[Start of Attachment]

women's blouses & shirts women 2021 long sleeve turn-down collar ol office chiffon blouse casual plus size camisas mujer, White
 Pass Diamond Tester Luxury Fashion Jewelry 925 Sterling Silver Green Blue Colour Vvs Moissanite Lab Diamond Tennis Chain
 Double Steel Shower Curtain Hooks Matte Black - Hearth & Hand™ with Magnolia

[End of Attachment]

What is being asked:
Each line from the one containing "Pass Diamond Tester" through the end of the material should be restated word for word; leave out every line before it.

Answer box:
 Pass Diamond Tester Luxury Fashion Jewelry 925 Sterling Silver Green Blue Colour Vvs Moissanite Lab Diamond Tennis Chain
 Double Steel Shower Curtain Hooks Matte Black - Hearth & Hand™ with Magnolia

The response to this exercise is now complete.